I don't let my feelings about contemporary art theory slip out much on this blog. I'm sure that they do occasionally. I'm much more open about them on my main web site. I also believe that art theory is pretty worthless, or at least debilitating. It's so easy to waste your time thinking about art and the art world rather than undertaking the far more rewarding and satisfying task of just making art. So I assume very few readers of this blog are interested in my thoughts on the subject.
But sometimes things just bother you and get under your skin. I looked at an online application for a local juried art show today. It will explore the 'themes and ideas that are current within the arts of Philadelphia.' Uh, oh. That most likely rules me out. I don't even know what those ideas are. What's worse I'd be willing to bet I'd think that they were utter nonsense if I did know. (So by now you can probably see why I don't write about this much here!). In any case the notion of ideas in art is always under my skin, like a nasty thorn.
So when I read the Ken Price obit, an artist I should say I vaguely recalled from my years in California, my heart leapt when I read
Part of Price's uniqueness -- particularly in today's logorrheic, theory-besotted art world -- was his straightforwardness.
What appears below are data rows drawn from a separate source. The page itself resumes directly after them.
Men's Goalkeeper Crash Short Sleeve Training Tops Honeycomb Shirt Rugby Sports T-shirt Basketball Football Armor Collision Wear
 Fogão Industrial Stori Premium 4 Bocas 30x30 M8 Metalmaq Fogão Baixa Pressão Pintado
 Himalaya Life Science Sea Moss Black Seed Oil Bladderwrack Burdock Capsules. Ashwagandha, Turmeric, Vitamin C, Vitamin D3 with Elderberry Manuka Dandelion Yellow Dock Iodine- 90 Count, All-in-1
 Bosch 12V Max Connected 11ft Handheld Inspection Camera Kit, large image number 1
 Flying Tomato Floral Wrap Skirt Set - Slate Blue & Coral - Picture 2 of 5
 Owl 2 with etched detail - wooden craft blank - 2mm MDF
'Theory-besotted art world.' I couldn't have said it better myself. It's the main reason I turned from abstract art to naturalistic art 10-15 years ago.
Plagens goes on to quote Price:
I can't prove that my art's any good or that it means what I say it means. And nothing I can say can improve the way it looks.
I think that this is at the heart of my view on art, whether it's abstract, naturalistic or anything in between. The only thing that's important to me is how it looks. Just as with music I care about what it sounds like. This would seem to be a simple, self-obvious statement. But in the bizarro world of art nothing is self-evident other than the one fad will follow another.
Well, as I said, not many people who read this blog I suspect are very interested in this type of thing. They're interested more in nature or naturalistic art I think. But even for them I think the importance of what something looks like is worth mentioning.
I said yesterday that I don't get much satisfaction out of working from photos, even if the work turns out fairly realistic. I'm happy with my recent ballpoint pen drawings of wood warblers. But they seem to me more like exercises than anything else. And in fact they were I did them mainly to learn. I also tried to make drawings that were pleasing to look at and that somehow captured the bird. But there was still a bit of 'exercise' in them.
By contrast I'm now trying to create a print or painting of the Twelve-Spotted Skimmer and Solitary Sandpiper that I saw last summer at Morris Arboretum. Yesterday's ink and watercolor wash drawing was one attempt. Today I changed it to a vertical format, moved the shorebird and added some foliage and fallen trees in the water. To me this is what art is all about, regardless of subject, trying to make something that looks good, just like Ken Price.